Your advisor and faculty are not your only on-campus resources for advice. Although they may have great tips related to your industry, they may not have enough time to help you actually apply for jobs, review your resume, or practice interview skills. Take advantage of your campus career center. Depending on your school, the career center will likely offer helpful individual or group sessions on many subjects, such as:

  • Writing a resume or cover letter

  • Completing job applications

  • Polishing your interview skills

  • Using social media to seek jobs

Many colleges and universities also host events related to careers, such as on-campus interviewing with prospective employers and job fairs. These services are typically included in the cost of tuition, so take full advantage while you can.

Meet with your grad school advisor

If you haven’t already, you need to see your advisor to confirm you are on track to complete all requirements for graduation. You don’t want to be on the receiving end of a dreaded email or phone call about missing required credits. The earlier you talk to your advisor, the better your chances of correcting your course load or any discrepancies that could prevent you from graduating on time. While speaking with your advisor, you may also want to inquire about career opportunities, applying for and attending graduation ceremonies, and any other post-graduation advice.  

[RELATED: 5 Questions Grad Students Should Ask Their Advisors]
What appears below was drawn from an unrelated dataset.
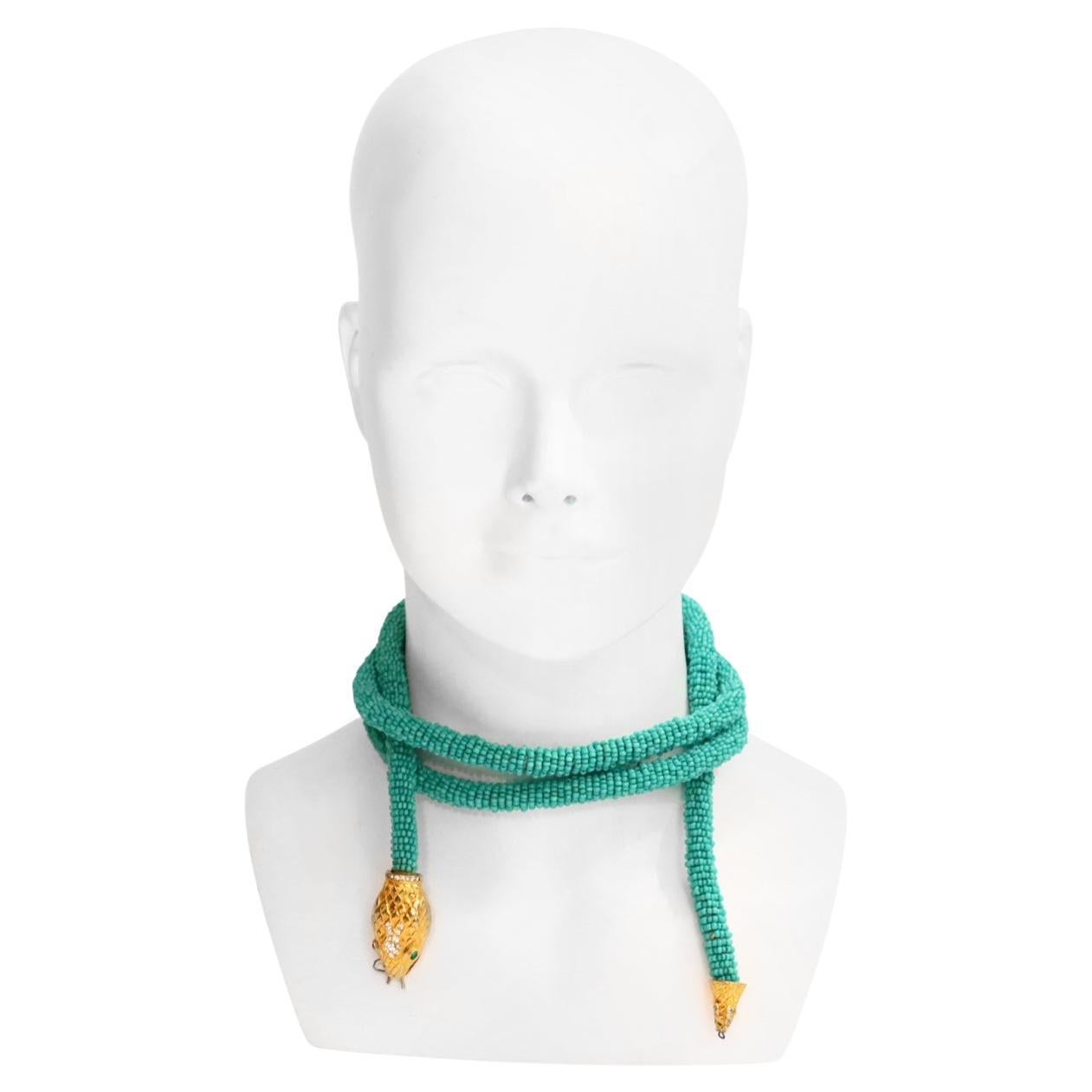 Vintage KJL Turquoise Color Beaded Snake Wrap Necklace Circa 1960s. The snake head and tail have diamante and green glass eyes.  The necklace lariat can be tied in many ways dependent on you.  This piece is not signed but I had its sister several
Network during your final semester

As a graduate student, you have had several opportunities to connect with peers, faculty, researchers, and other professionals in your field. Now is the time to reach out to your network. Check in to see how they are doing, and what they are working on and where. Let them know you are finishing up grad school and what your future plans are. Also, ask for help if you need it. Know someone who landed a great job where you’d also like to work? Ask him or her for pointers on securing and acing an interview. They might even be able to recommend you to the hiring manager!   

Assess your post-grad financial situation

This checklist item is an important one! While in grad school, it is likely you had some sort of financial aid. Many students have been relying on loans since their undergrad programs. As you exit grad school, you should have a firm understanding of your finances. There are a few questions you might want to ask yourself, such as:

  • How much will you owe in student loans each month?

  • How much do your bills cost?

  • How much money can you reasonably expect to make and what’s the minimum you would need to earn to support yourself?

Knowing the answers to these questions will help get you ready to make important financial decisions. Create a reasonable budget, focus on your job search, and, if needed, identify areas in which you can trim excess expenses.

Earning a graduate degree is an exciting time! Enjoy your last semester and work hard, but also make sure you are preparing yourself to exit grad school successfully. Good luck!